It's turkey season. Here are tips for saving money on buying a turkey as suggested by the ThriftyFun community.
Turkeys are so cheap right now. If you have a small family or even if you are going out for T-giving dinner, do buy a turkey anyway. The butcher can saw the frozen bird in half for you, thaw half to cook now, and wrap and stick the other half in the freezer to use a couple of months later. Turkey is so good and good for you. Take advantage of this inexpensive bargain!
By Linda L from Vista, CA
Brining will make even the cheaper frozen turkeys taste better. I also often look for fresh turkeys to be marked down a day or so after Thanksgiving. Because they are marked fresh, they have to sell them quickly before they go bad. I just pop it into my own freezer until I am ready to cook it again.
By Jess
When you have a choice, buy a large turkey. The first 14 lbs of a turkey are all bones!
By carol
Our local grocery starts the middle of October punching your turkey card, so all you spend on regular purchases gets credited. I usually end up with 2-3 free turkeys by Thanksgiving. Oh, and where husband works, each gets a free turkey about 12-15 lbs, and there are those who work there that can donate their turkey (if alone or not needing it) to the local food shelf.
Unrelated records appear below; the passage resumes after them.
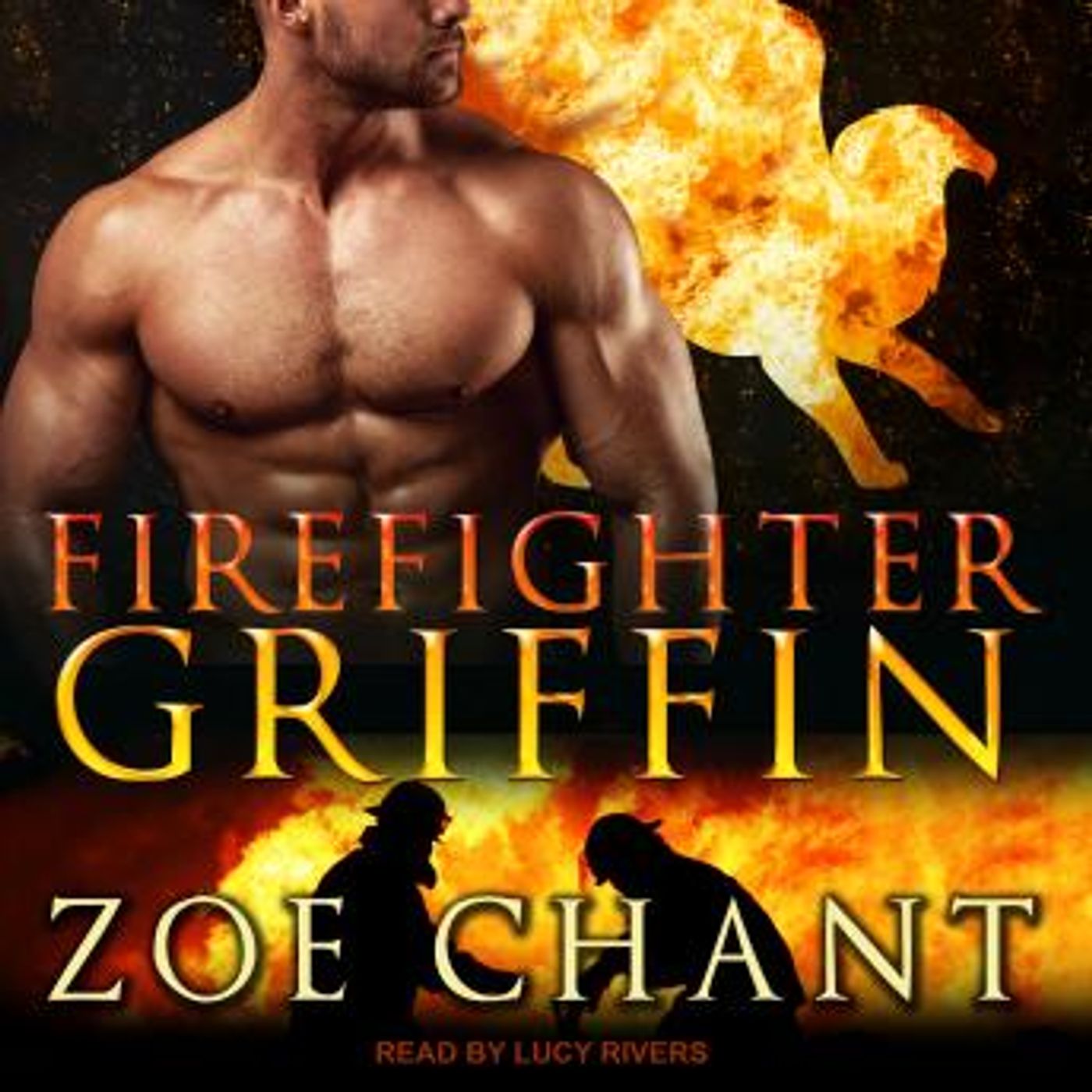 Listen to Top Full Audiobooks in Romance, Romantasy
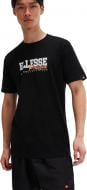 Футболка Ellesse ZAGDA T-SHIRT SHV20122-011 р.M чорний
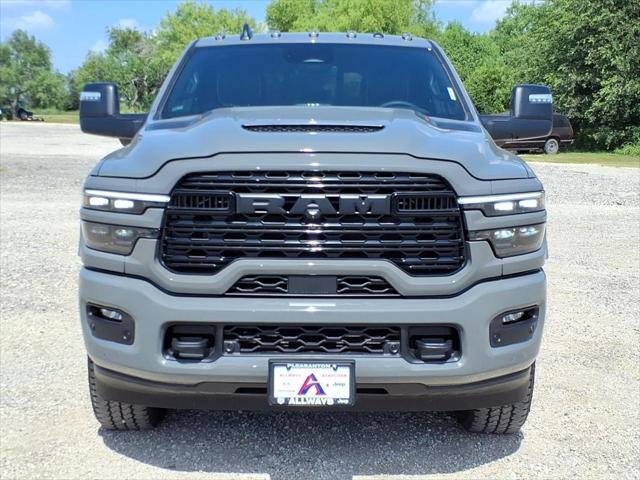 2027 RAM 3500 Limited 2027 RAM 3500 Limited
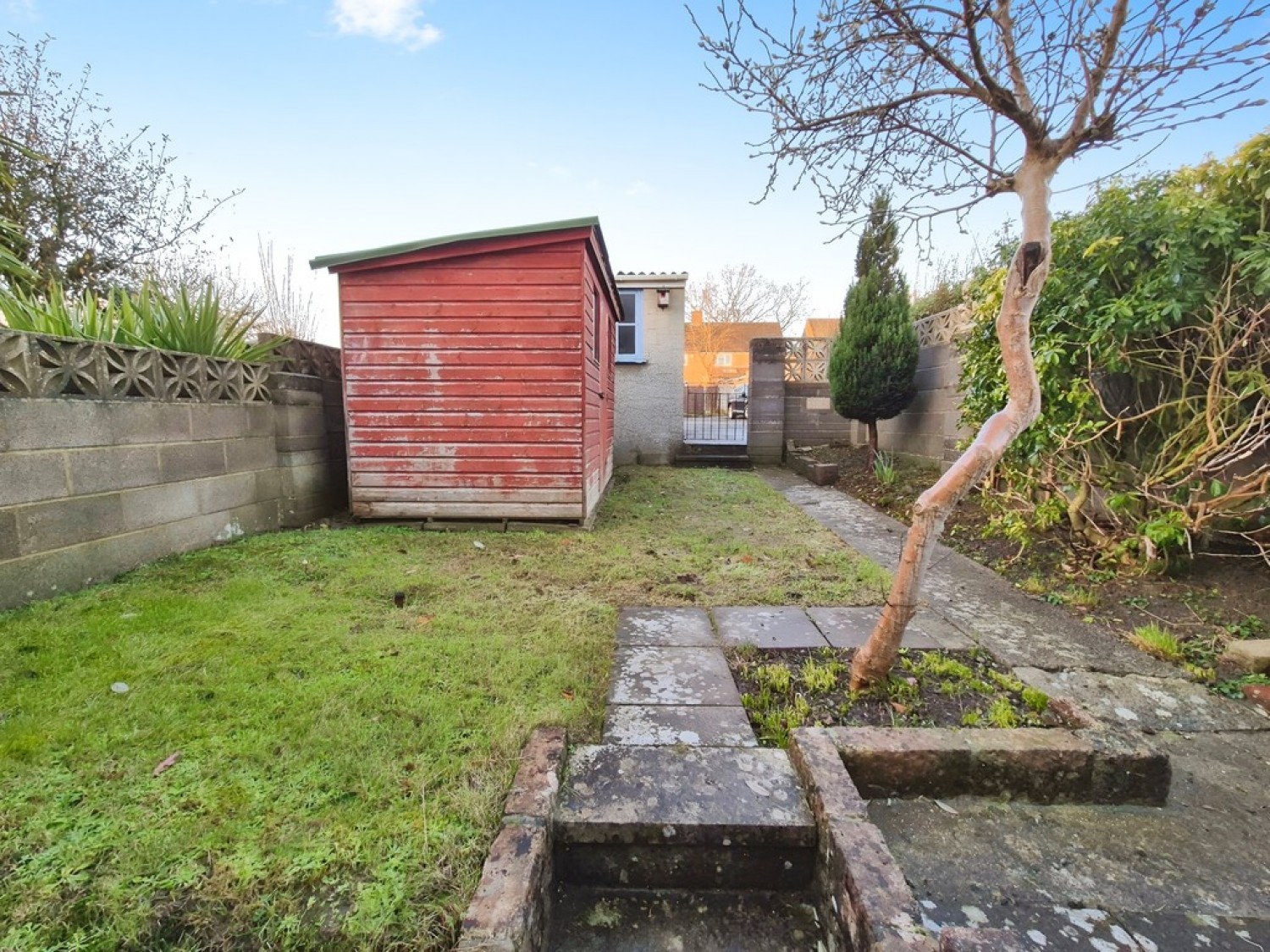 Seaton Road, Yeovil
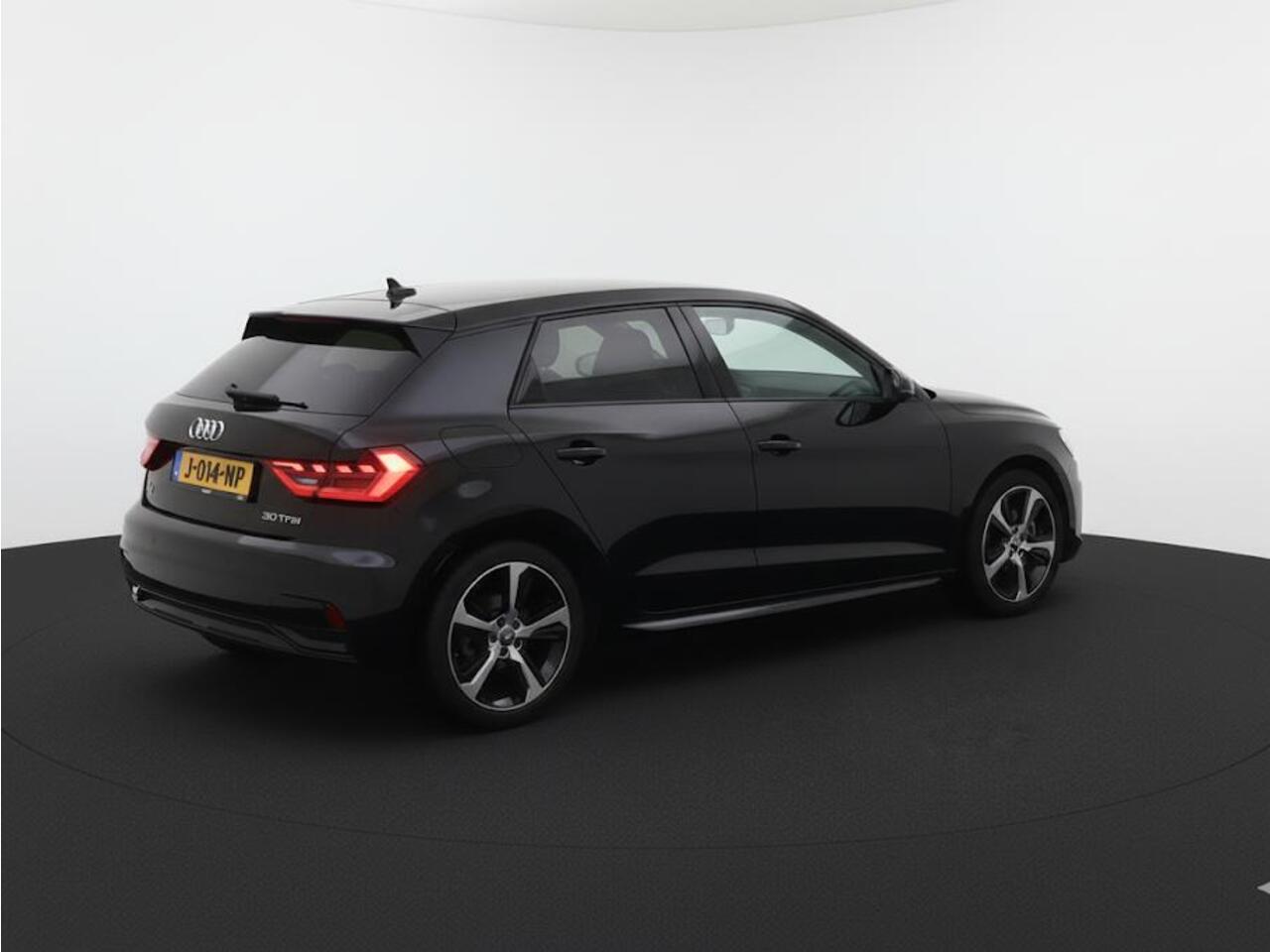 Audi A1 Sportback 30 TFSI epic 116PK | Climate control | Full led | Parkeersensoren achter |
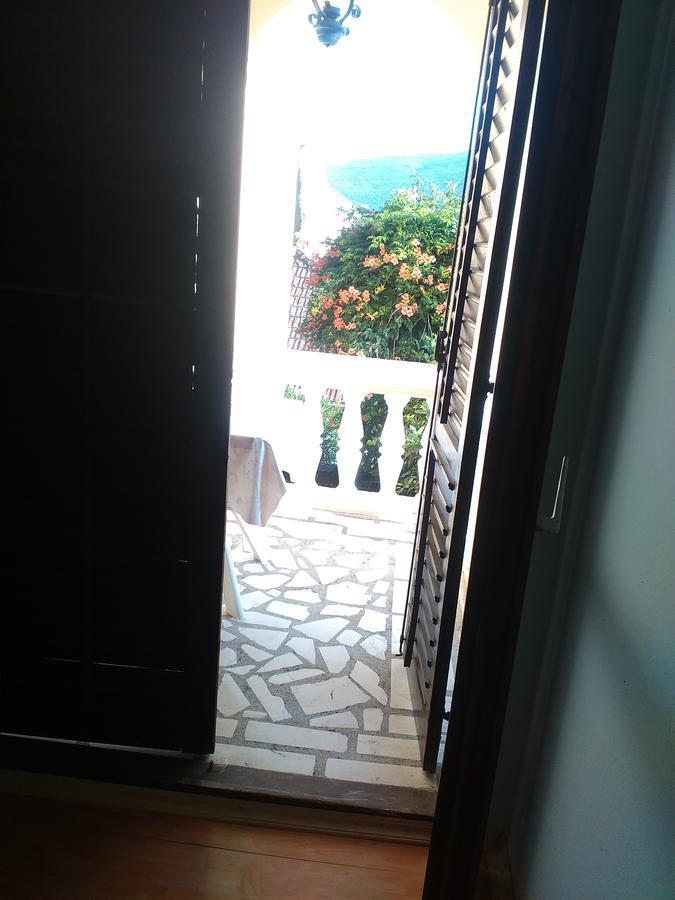 Sobe Baosici Marina Herceg Novi Exterior foto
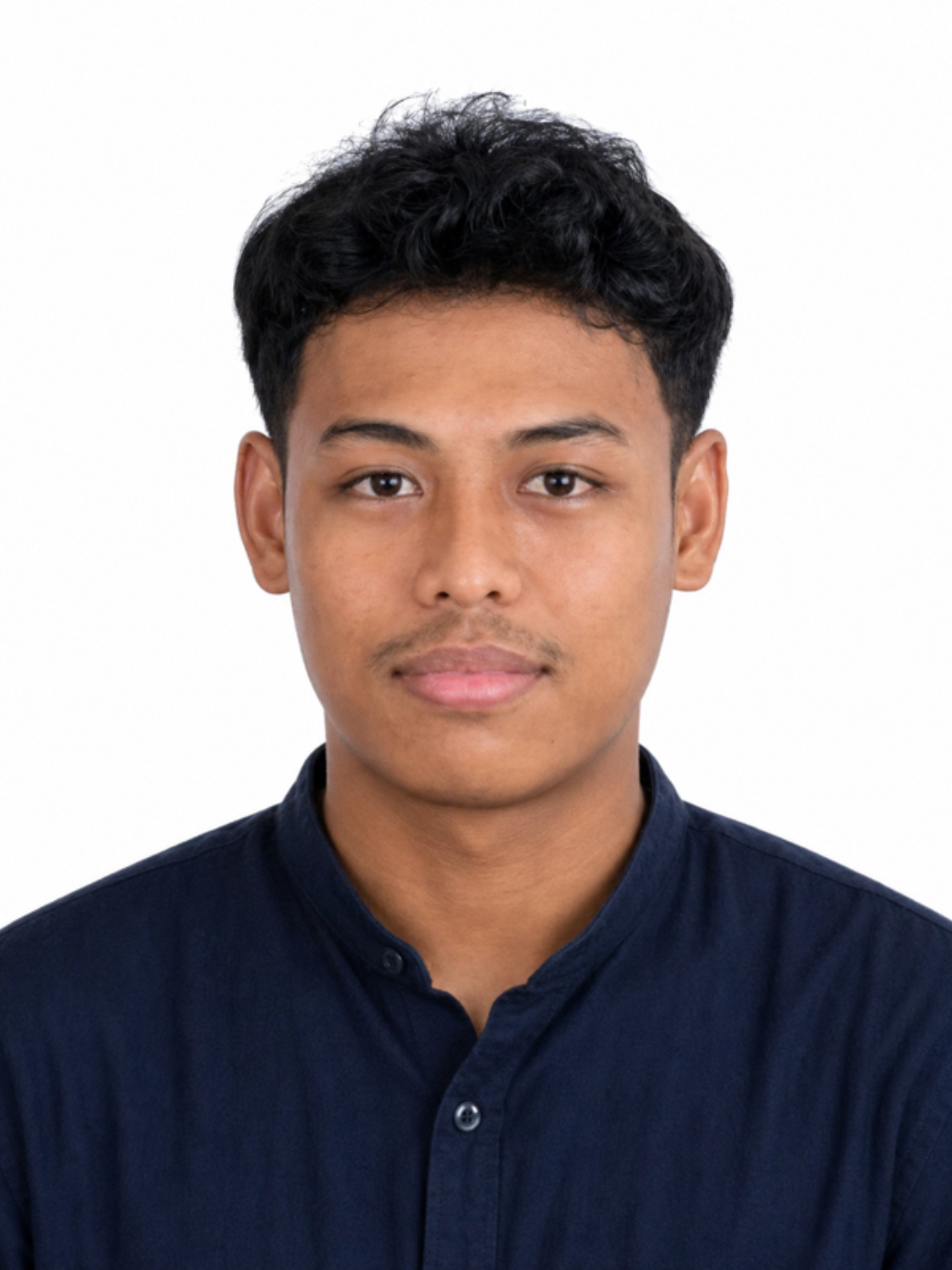 Ali Muhammad profile picture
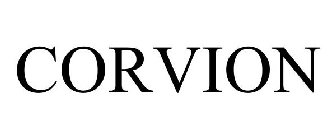 CORVION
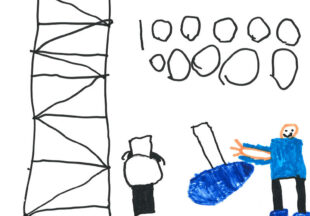 １００かいだてのいえ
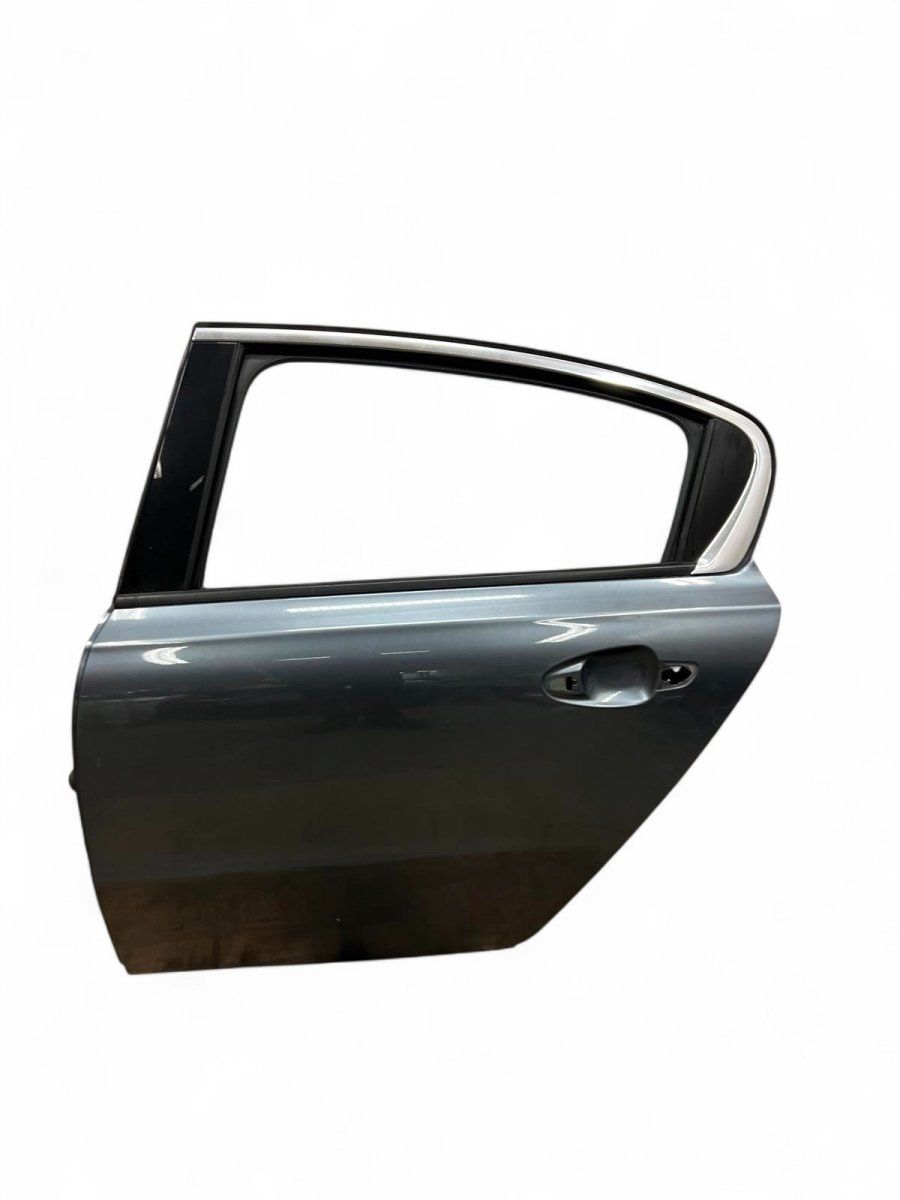 Door Rear  Left PEUGEOT 508 I (W23) (2010-2018)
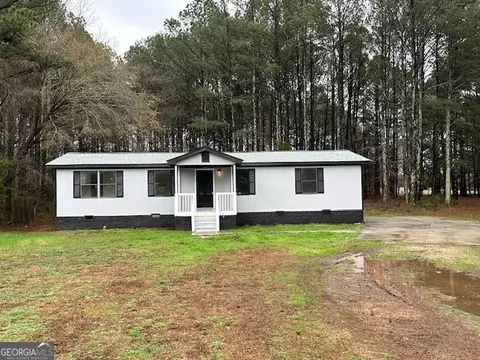 2791 Old Mill Rd, Rutledge, GA 30663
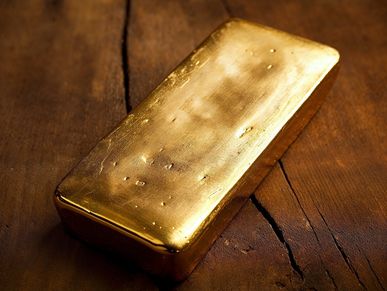 Gold ETFs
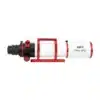 Tubo ZWO FF90 APO 90/609 mm f/6.8 Flat Field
Along comes the great turkey prices to draw you into the store to buy other things. So I stock the freezer up on turkeys. When I can spend $.39 lb instead of $1.39 lb, I can find room!
Also, I will partial thaw in the fridge, then open the turkey and cut it up like chicken, and quickly refreeze the drumettes, drums, breasts, thighs and then backs (for stock) in packages to use.
When cooking for the holiday, I fix the turkey(s) the week before, slice off white/dark meat into certain tupperware that fit my large crockpots and then pour over canned broth, toss into freezer and it is ready to go. I take out to thaw in fridge day before needing it, morning of, tip out into crockpots, put on high, all juice included, and have the most delicious moist turkey.
By Grandma J
I know they may be costly but on Thanksgiving it is a Butterball, no two ways about it. I love my Butterball and my butter turkey sculpture made out of butter. Thanksgiving is Football and Macy's parade and turkey with my giblet and sausage stuffing. Real good. Oh and family too.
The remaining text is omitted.